▶ _Problem details_: Where the line with "Fundango Manado Long" appears below, start writing out lines exactly, and finish with the line with "Merz will Bürgern", which is included; write out nothing else.

▶ _Data for this exercise_:
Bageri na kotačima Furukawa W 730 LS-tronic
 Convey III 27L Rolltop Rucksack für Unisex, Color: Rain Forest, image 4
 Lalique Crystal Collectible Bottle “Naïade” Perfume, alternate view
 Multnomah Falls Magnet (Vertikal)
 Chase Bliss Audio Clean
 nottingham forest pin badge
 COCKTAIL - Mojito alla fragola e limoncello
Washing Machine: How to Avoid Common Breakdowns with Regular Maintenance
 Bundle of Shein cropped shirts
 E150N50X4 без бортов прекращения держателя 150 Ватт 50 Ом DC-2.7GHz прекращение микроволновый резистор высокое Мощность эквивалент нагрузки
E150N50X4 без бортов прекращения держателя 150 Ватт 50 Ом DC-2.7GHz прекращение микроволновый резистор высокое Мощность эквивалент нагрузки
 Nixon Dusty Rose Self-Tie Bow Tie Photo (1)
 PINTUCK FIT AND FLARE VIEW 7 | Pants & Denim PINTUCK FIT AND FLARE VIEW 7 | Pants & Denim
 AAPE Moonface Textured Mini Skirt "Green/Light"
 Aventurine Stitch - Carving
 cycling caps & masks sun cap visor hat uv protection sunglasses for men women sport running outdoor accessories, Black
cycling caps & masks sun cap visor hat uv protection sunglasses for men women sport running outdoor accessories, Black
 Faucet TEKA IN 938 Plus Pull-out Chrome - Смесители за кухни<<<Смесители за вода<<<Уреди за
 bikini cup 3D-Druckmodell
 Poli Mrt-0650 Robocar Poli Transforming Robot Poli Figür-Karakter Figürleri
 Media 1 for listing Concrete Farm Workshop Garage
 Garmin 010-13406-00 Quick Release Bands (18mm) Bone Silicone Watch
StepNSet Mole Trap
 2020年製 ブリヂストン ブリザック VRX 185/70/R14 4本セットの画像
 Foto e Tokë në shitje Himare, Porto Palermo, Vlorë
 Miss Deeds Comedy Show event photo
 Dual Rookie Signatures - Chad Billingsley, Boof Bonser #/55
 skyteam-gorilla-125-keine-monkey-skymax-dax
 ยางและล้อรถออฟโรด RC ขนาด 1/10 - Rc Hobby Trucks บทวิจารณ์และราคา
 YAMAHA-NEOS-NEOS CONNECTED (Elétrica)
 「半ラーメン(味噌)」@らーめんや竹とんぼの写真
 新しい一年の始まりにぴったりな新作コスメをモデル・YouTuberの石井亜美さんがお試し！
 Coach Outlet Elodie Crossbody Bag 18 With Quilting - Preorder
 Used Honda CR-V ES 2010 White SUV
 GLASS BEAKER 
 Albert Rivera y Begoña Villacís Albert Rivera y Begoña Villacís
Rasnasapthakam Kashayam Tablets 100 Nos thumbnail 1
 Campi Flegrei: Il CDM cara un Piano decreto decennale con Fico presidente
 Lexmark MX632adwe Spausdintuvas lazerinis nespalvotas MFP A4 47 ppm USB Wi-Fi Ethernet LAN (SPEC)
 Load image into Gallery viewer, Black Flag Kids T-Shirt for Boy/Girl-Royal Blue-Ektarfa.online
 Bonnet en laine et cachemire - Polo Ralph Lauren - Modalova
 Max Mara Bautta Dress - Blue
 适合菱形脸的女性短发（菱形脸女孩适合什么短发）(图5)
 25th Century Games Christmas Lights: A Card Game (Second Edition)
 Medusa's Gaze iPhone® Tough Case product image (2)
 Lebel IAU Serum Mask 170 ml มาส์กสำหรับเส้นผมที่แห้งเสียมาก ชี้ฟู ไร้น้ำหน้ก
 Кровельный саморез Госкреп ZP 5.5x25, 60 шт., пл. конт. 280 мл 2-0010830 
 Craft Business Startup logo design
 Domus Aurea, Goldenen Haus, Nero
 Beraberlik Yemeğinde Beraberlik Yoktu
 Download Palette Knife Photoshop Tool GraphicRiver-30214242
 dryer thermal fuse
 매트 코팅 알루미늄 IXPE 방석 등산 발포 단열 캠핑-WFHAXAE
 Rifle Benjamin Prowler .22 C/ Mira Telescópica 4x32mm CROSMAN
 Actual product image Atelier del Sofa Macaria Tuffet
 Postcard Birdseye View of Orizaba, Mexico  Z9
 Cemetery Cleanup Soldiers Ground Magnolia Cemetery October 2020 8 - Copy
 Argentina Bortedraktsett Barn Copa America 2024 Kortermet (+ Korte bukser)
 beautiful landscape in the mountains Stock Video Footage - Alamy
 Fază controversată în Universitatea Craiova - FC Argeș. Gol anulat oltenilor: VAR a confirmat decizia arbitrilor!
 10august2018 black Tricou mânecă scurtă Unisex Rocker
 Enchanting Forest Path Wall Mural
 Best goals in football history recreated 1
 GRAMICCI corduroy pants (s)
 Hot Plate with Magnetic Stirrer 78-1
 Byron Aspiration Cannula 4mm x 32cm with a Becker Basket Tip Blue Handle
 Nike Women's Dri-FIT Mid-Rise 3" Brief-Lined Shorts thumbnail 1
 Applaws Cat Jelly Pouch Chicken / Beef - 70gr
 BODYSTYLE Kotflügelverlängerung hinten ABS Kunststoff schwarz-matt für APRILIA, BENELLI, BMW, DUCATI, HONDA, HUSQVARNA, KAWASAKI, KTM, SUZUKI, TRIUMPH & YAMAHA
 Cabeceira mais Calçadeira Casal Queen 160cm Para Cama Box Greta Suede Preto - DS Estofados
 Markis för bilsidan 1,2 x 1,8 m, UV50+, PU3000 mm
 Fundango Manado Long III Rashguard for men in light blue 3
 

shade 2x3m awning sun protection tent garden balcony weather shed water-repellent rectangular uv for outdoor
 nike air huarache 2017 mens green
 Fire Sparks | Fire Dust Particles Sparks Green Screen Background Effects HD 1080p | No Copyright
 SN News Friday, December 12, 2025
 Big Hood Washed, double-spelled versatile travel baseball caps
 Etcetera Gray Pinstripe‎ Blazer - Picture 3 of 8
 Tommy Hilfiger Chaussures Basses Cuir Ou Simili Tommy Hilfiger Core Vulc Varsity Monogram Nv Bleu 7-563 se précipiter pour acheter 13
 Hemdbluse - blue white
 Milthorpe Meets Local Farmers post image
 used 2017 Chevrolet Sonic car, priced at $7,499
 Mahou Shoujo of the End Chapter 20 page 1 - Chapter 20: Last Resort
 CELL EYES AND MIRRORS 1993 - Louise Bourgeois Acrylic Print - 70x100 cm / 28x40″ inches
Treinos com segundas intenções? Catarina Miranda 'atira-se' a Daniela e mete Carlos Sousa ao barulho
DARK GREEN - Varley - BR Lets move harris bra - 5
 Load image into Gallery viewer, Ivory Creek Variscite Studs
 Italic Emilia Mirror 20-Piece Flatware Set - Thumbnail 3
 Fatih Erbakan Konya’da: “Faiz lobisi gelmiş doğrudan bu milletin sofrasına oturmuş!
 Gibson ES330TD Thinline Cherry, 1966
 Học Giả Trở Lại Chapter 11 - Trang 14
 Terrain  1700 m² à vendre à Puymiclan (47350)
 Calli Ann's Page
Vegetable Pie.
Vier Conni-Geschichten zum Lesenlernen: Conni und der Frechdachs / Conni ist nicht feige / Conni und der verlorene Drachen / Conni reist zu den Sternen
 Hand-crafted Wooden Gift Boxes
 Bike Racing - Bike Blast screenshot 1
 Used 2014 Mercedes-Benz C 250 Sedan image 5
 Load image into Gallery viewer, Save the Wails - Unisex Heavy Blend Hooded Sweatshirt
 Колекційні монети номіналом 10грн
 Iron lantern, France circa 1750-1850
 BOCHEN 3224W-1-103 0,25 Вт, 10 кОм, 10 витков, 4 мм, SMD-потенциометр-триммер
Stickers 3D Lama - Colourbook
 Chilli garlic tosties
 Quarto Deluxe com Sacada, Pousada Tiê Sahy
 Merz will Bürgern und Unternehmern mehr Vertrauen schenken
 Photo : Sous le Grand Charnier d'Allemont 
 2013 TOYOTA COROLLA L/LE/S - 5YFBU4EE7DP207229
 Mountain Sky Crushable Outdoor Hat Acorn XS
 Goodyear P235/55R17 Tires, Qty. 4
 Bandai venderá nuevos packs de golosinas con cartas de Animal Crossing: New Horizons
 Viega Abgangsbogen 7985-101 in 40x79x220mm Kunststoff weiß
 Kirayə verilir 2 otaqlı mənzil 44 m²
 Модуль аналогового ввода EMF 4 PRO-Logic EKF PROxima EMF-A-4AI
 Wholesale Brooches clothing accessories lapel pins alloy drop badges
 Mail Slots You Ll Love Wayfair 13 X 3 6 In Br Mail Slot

▶ _Answer below_:
 Fundango Manado Long III Rashguard for men in light blue 3
 

shade 2x3m awning sun protection tent garden balcony weather shed water-repellent rectangular uv for outdoor
 nike air huarache 2017 mens green
 Fire Sparks | Fire Dust Particles Sparks Green Screen Background Effects HD 1080p | No Copyright
 SN News Friday, December 12, 2025
 Big Hood Washed, double-spelled versatile travel baseball caps
 Etcetera Gray Pinstripe‎ Blazer - Picture 3 of 8
 Tommy Hilfiger Chaussures Basses Cuir Ou Simili Tommy Hilfiger Core Vulc Varsity Monogram Nv Bleu 7-563 se précipiter pour acheter 13
 Hemdbluse - blue white
 Milthorpe Meets Local Farmers post image
 used 2017 Chevrolet Sonic car, priced at $7,499
 Mahou Shoujo of the End Chapter 20 page 1 - Chapter 20: Last Resort
 CELL EYES AND MIRRORS 1993 - Louise Bourgeois Acrylic Print - 70x100 cm / 28x40″ inches
Treinos com segundas intenções? Catarina Miranda 'atira-se' a Daniela e mete Carlos Sousa ao barulho
DARK GREEN - Varley - BR Lets move harris bra - 5
 Load image into Gallery viewer, Ivory Creek Variscite Studs
 Italic Emilia Mirror 20-Piece Flatware Set - Thumbnail 3
 Fatih Erbakan Konya’da: “Faiz lobisi gelmiş doğrudan bu milletin sofrasına oturmuş!
 Gibson ES330TD Thinline Cherry, 1966
 Học Giả Trở Lại Chapter 11 - Trang 14
 Terrain  1700 m² à vendre à Puymiclan (47350)
 Calli Ann's Page
Vegetable Pie.
Vier Conni-Geschichten zum Lesenlernen: Conni und der Frechdachs / Conni ist nicht feige / Conni und der verlorene Drachen / Conni reist zu den Sternen
 Hand-crafted Wooden Gift Boxes
 Bike Racing - Bike Blast screenshot 1
 Used 2014 Mercedes-Benz C 250 Sedan image 5
 Load image into Gallery viewer, Save the Wails - Unisex Heavy Blend Hooded Sweatshirt
 Колекційні монети номіналом 10грн
 Iron lantern, France circa 1750-1850
 BOCHEN 3224W-1-103 0,25 Вт, 10 кОм, 10 витков, 4 мм, SMD-потенциометр-триммер
Stickers 3D Lama - Colourbook
 Chilli garlic tosties
 Quarto Deluxe com Sacada, Pousada Tiê Sahy
 Merz will Bürgern und Unternehmern mehr Vertrauen schenken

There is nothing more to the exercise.